We examined some traffic problems, how to solve, figured out, got acquainted with the concepts of "convergence rate" and "speed of removal", it remains to consider the last point, namely: how to solve traffic problems on the river?
Flow
Here you can meet again:
- tasks for moving towards each other;
- pursuit movement;
- movement in the opposite direction.
But unlike previous tasks, the river has a flow rate that should not be ignored. Here, objects will move either along the river - then this speed should be added to the object’s own speed, or against the current - it must be subtracted from the object’s speed.

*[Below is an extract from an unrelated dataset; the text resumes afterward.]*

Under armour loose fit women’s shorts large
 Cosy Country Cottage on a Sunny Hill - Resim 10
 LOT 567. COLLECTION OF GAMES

Example of a task for moving along a river
Prerequisite: "The jet ski went downstream at a speed of 120 km per hour and returned, while spending less time by two hours than against the stream. What is the speed of the jet ski in still water?" We are given a current velocity equal to one kilometer per hour.
We pass to the solution. We suggest compiling a table for an illustrative example. We take the speed of the motorcycle in standing water for x, then the speed with the stream is x + 1, and against x-1. The round-trip distance is 120 km. It turns out that the time taken to move against the current is 120: (x-1), and downstream 120: (x + 1). It is known that 120: (x-1) is two hours less than 120: (x + 1). Now we can move on to filling out the table.
Condition | v | t | s |
| with the flow | x + 1 | 120: (x + 1) | 120 |
| against the stream | x-1 | 120: (x-1) | 120 |
What we have: (120 / (x-1)) - 2 = 120 / (x + 1) Multiply each part by (x + 1) (x-1);
120 (x + 1) -2 (x + 1) (x-1) -120 (x-1) = 0;
We solve the equation:
(x ^ 2) = 121
We notice that there are two possible answers: + -11, since both -11 and +11 give a square of 121. But our answer will be positive, because the speed of the motorcycle cannot have a negative value, therefore, we can write down the answer: 11 km per hour . Thus, we found the required value, namely the speed in still water.
We have considered all the possible options for tasks on the movement, now when solving them you should not have problems and difficulties. To solve them, you need to know the basic formula and concepts such as the "speed of convergence and removal." Be patient, complete these tasks, and success will come.